What really set Kash off, it seems clear, is that — seemingly amid a bunch of files relating to the Special Counsel investigations that happened during the Biden Administration — was the document at the heart of Durham’s criminal investigation building on Russian disinformation, a document potentially referring to the fabrications Russian spies made.

Among the records found were many related to the FBI’s Mar-a-Lago search, the January 06 capitol breach, the Crossfire Hurricane investigation, as well as a copy of the Classified Appendix to the John Durham Special Counsel investigation. Moreover, an additional record discovered as part of this management review process was an original referral by the Central Intelligence Agency (CIA) to former FBI Director James Comey, known as a Counterintelligence Operational Lead (CIOL). This CIOL, believed to have been missing for several years, was dated September 07, 2016 and contained certain intelligence related to the 2016 U.S. presidential election campaign. The CIOL was found in a storage closet adjacent to the Director’s office and was subsequently transported to the 9582 SCIF. Former Director Comey previously testified before the Senate Judiciary Committee that he was unfamiliar with this CIOL as well as its related intelligence. [my emphasis]

Now, there are already several flashing lights here. 🚨🚨🚨 [Sorry Rayne!]

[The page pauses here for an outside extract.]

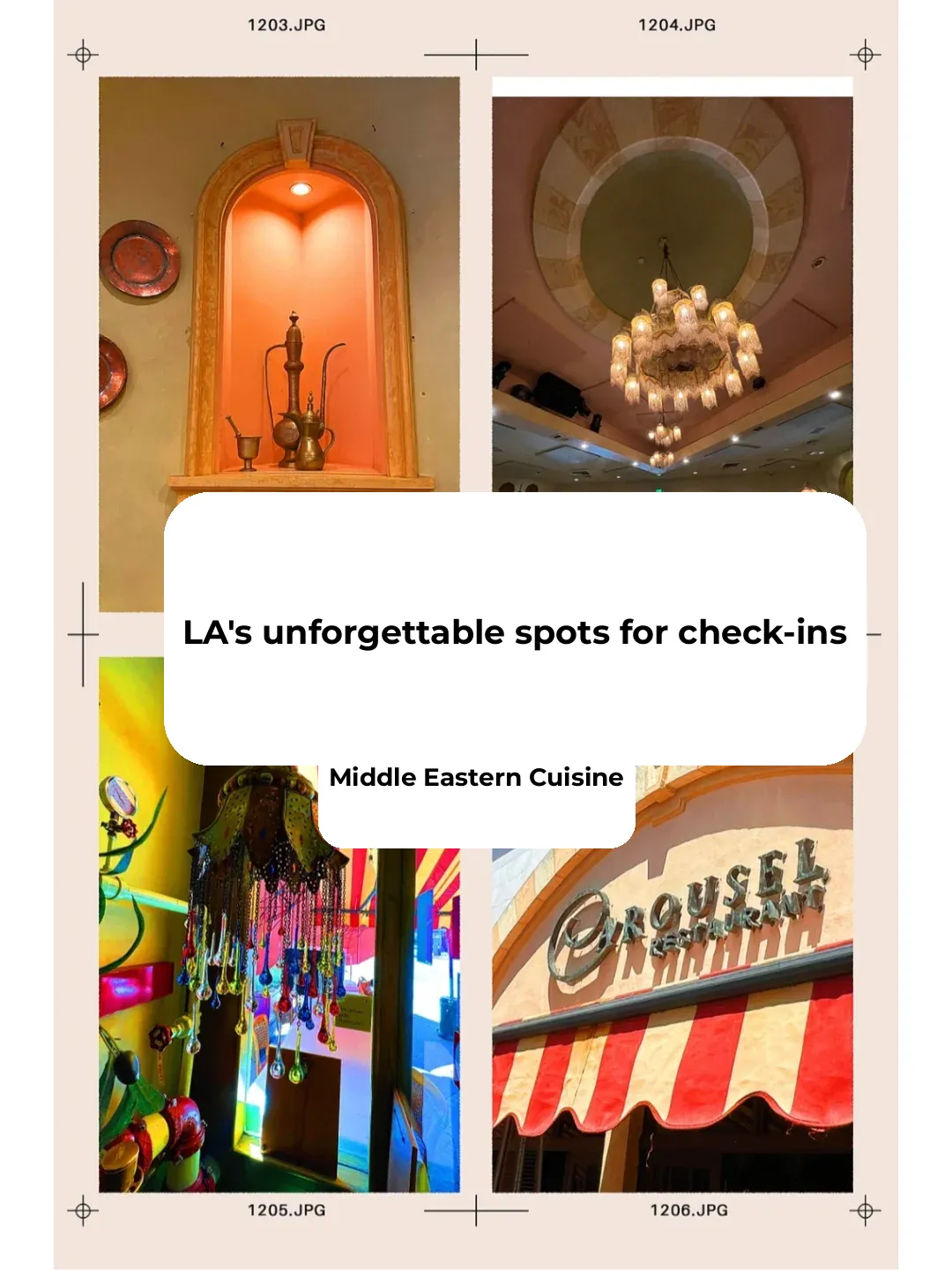 Check-In | Can't Get Enough of Middle Eastern Delights at Carousel Restaurant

You cannot have Jack Eckenrode anywhere near the criminal investigation into a document he chased for years. He has more incentive to hide the Durham annex showing that he committed the very crime he was investigating than Comey (or anyone close to him) has to hide the CIOL. In any case, this still seems to fall well short of proof that the FBI actually received it. This opening memo describes that the people who are supposed to catalog such things did not, and if they found it after the fact, it would raise real questions if Eckenrode planted it.

Worse still, the opening memo for this investigation misrepresents Comey’s testimony from the hearing.

Lindsey: Do you recall getting an inquiry from the CI, excuse me, the intelligence community in September, 2016, about a concern that the Clinton campaign was going to create a scandal regarding Trump and Russia? Mr. Comey: I do not.

Senator Graham: You don’t remember getting a investigatory lead from the intelligence community, hang on a second … Let me find my document here.

Speaker 3: There it is.

Senator Graham: September the Seventh, 2016, the US intelligence officials forwarded an investigative referral to FBI Director James Comey and Assistant Director of Counterintelligence Peter Strzok regarding US presidential candidate Hillary Clinton’s approval of a plan concerning US presidential candidate Donald Trump and Russian hackers hampering US elections as a means of distracting the public from her use of a private email server. You don’t remember getting that or being talk, that doesn’t …

Mr. Comey: That doesn’t ring any bells with me.

[snip]

Senator Graham: Did you have a duty to look at any allegations regarding Clinton in Russia?

Mr. Comey: I don’t know what you mean. Senator Graham: Well, you say you had a duty to look at allegations about the Trump campaign being involved with the Russians. You’ve got a letter now from Radcliffe saying that there was a, they intercepted information about an effort in July where Hillary Clinton approved an effort to link Trump to Russia or the mob. Did you have an investigation look and see if whether that was true?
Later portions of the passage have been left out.